Sin embargo, hemos de tener presente que el exceso de autoridad tampoco fue bueno en todos los casos y llevó a muchas personas a una gran inseguridad en sí mismas, amén de la rebeldía que a muchos empujó a situaciones de rupturas familiares.
Se supone que hemos evolucionado en inteligencia emocional para dar buena cuenta del raciocinio y de la necesidad de un castigo; ante un acto, una consecuencia. Aunque parece ser que no hemos avanzado ni lo más mínimo, al menos en estos casos.
La violencia juvenil, la violencia de género, la violencia en el deporte, la violencia de la palabra se ha asentado en nuestro día a día, con la supremacía del «porque yo lo digo, tú caes». Y da miedo, pavor diría yo, pensar que todo lo que hemos adelantado en una cultura emocional no sirve, y se vuelve a la tiranía de la violencia.
A la rebeldía del adolescente se le suma un plus por el que se alcanza un trastorno de conducta, según los psicólogos. Pero ese plus, ¿cómo se segrega en la piel de los hijos para llegar a tales hechos?

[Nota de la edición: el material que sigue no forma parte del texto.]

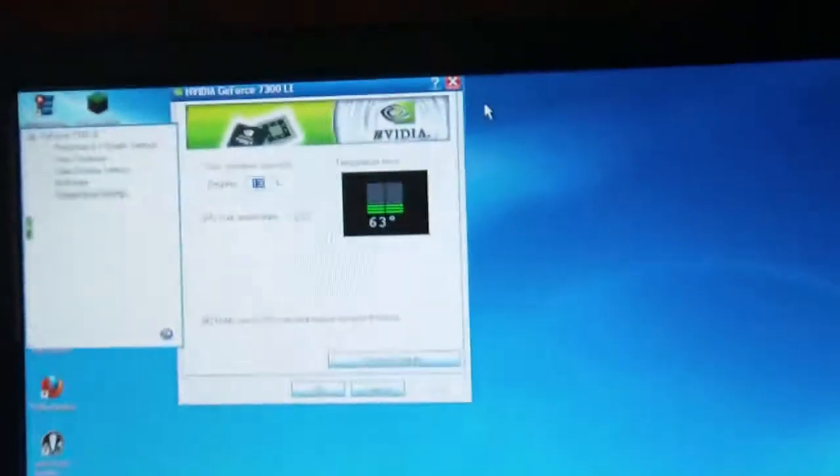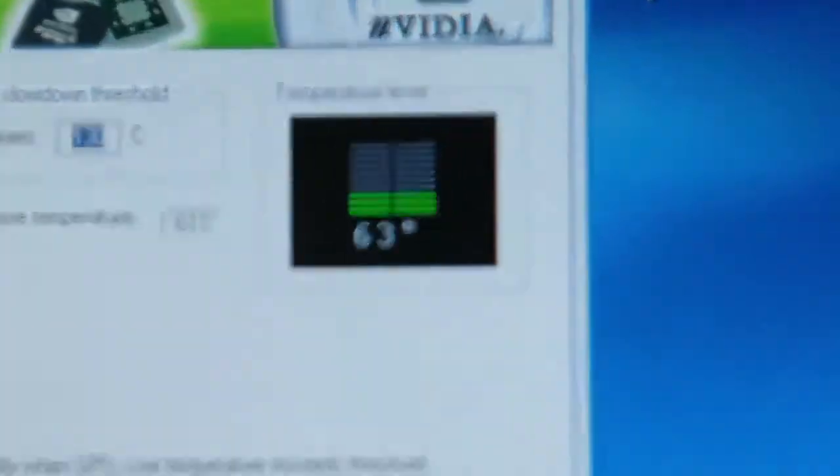Okay, so still fanning the computer here. It's down to 63 degrees. Can't believe that works so well. We've done this before and it went down to like 45 degrees.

Y nos preguntamos si somos los culpables, si les hemos envuelto en algodones y no les hemos negado nada, si los blandos e irrespetuosos con el deber como padres hemos sido nosotros…
La primera reflexión y la más fácil de hacer, en la que yo misma caigo, es pensar que en nuestra adolescencia generacional estas atrocidades no sucedían. Ya lo decía Sócrates en Los jóvenes, (470 a.C – 399 a.C.): «Los jóvenes de hoy en día son unos tiranos. Contradicen a sus padres, devoran su comida, y le faltan al respeto a sus maestros».
Y es que cualquier tiempo pasado siempre nos parece mejor. Pero la intolerancia a la frustración ha existido siempre, así como el exceso de autoridad. Y es cierto que con la inmediatez que adultos y adolescentes conseguimos todo, hace que me pregunte si es bueno para todos o esto nos lleva a un estado de insatisfacción tan grave y constante, que nos devora por dentro hasta llegar a la ira y de ahí, a la violencia.
¿Y dónde está el freno, ese lugar donde confluyen educación, respeto y armonía?
No lo sé, ojalá naciéramos con un manual de instrucciones para que nuestros padres hubieran entendido cuán difícil es crecer y convertirse en adulto. Del mismo modo que nosotros para con nuestros hijos. Y siento que la sociedad, formada por todos nosotros, no se lo ha puesto nada fácil a los adolescentes de hoy cuando son criados por terceras personas, porque no tenemos tiempo para ellos; pienso cuando en sus propios grupos el liderazgo en relación con sus iguales se basa en la imposición de valores nada humanos, sino materialistas, envueltos en cánones de belleza y moda. Y cuando les hacemos pasar mil horas escolarizados, incluso en la comida, con clases extraordinarias para que tengan un futuro mejor.
Todo lo mencionado, unido a un bombardeo constante de que el futuro no existe, magnificado por el Covid o guerras aquí al lado, carencias económicas, etc. les lleva a la rabia y la tristeza, y de ahí, solo hay un pequeño paso para llegar a la violencia.
Aun así, existen más casos de amor y convivencia que situaciones como la narrada. Y aunque no es nada fácil ser hijos ni padres, sí que lo es vivir con respeto y en una convivencia con buena comunicación.
¡Qué no haría una madre por un hijo y qué no haría un hijo por una madre! Todo, si hay un verdadero respeto por parte de ambos y mucho amor del bueno.